There were a few more sentences, best wishes to Ellen and Joe and to poor Jackie and the others from the section if he ever bumped into them but the phrase ‘everything is possible’ all but clouded them out. And the final nail. ‘You’d have loved it, Sam. All the best. Yours truly, Alex. P.S. I wish I’d brought the bush hat.’
Sam read it again, rapidly this time, then folded it with care. It would take some answering.
Perhaps he could send Alex his own bush hat.
He smoked a final cigarette out in the yard. The red tip was all the light. There was a spatter of hail. The wireless reported practically Arctic conditions everywhere else in the country. So far the Northwest had been lucky but it was still bitter.
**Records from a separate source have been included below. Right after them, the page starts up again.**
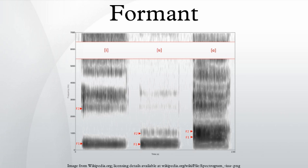Thus the first formant F1 has a higher frequency for an open vowel and a lower frequency for a close vowel. And the second formant F2 has a higher frequency for a front vowel and a lower frequency for a back vowel.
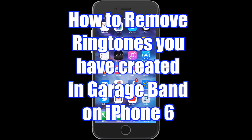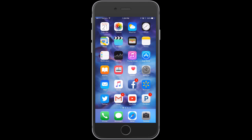What's going on guys? CryoDog here. I'm going to show you how to remove ringtones that you've created on your iPhone 6 using GarageBand. It's a pretty simple process and it doesn't take very much time, so let's get right into it.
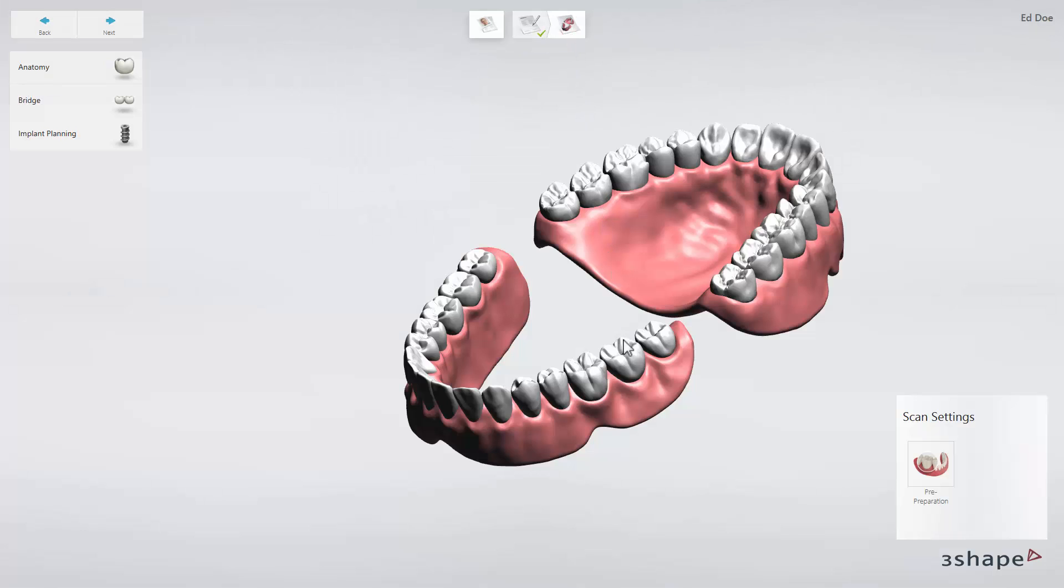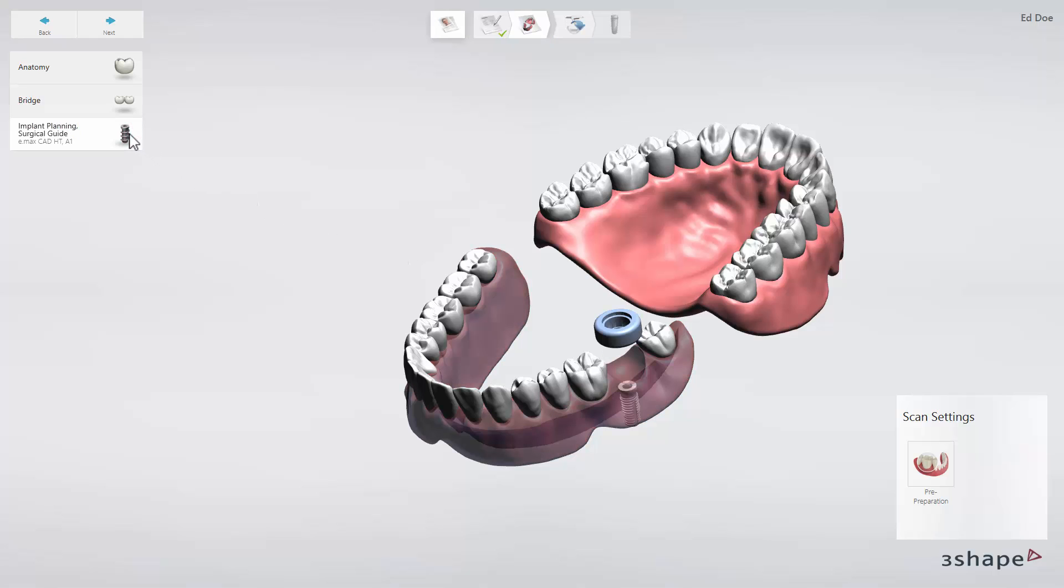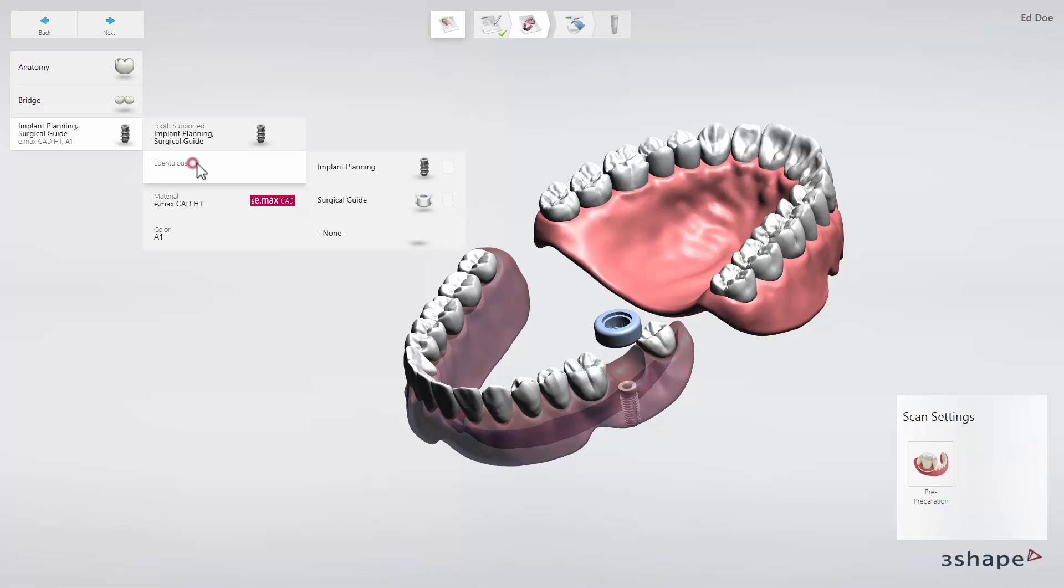Choose a single tooth and click the Implant Planning tab. In the drop-down menu, choose Edentulous and put a checkmark for Implant Planning.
Sam let the cold seize him and numb him.
He had told Ellen she could read the letter. She took her time and waited until he was down at the factory.
Like Sam she read it thoughtfully, stopping now and then to reflect or dream a little. Like Sam, she read it twice. Like Sam, she brooded on it, fully realising for the first time the narrowness of the victory and the strength of the enemy.
CHAPTER FOUR
Ellen walked up King Street, head bent into the punishing wind, one gloved hand clutching the collar of her coat to keep it closed around her throat. They were told on the wireless their part of the country was getting off lightly.
It was past midday and the girls had come out of the clothing factory in which Ellen herself had worked before her marriage. They scattered into the web of lanes and yards, sucked from the streets for their dinner-break. There were few men other than the dole brigade, propping up the Vic and the Vaults, congregated at the mouth of Meeting House Lane, leaning against the railings of the George Moore Memorial Monument, better known as the Fountain, from where they chronicled the daily history of their town in pedagogic detail. Everybody knew Ellen. Most greeted her, no hello, how do? how are you? just plain, even gruff, ‘Ellen’ and a nod. Her name chimed her up the street.
There was a queue outside the Co-op and normally she would have enquired and almost certainly joined it but time was tight between the morning cleaning job and the afternoon work in the chemist’s shop and she had a mission.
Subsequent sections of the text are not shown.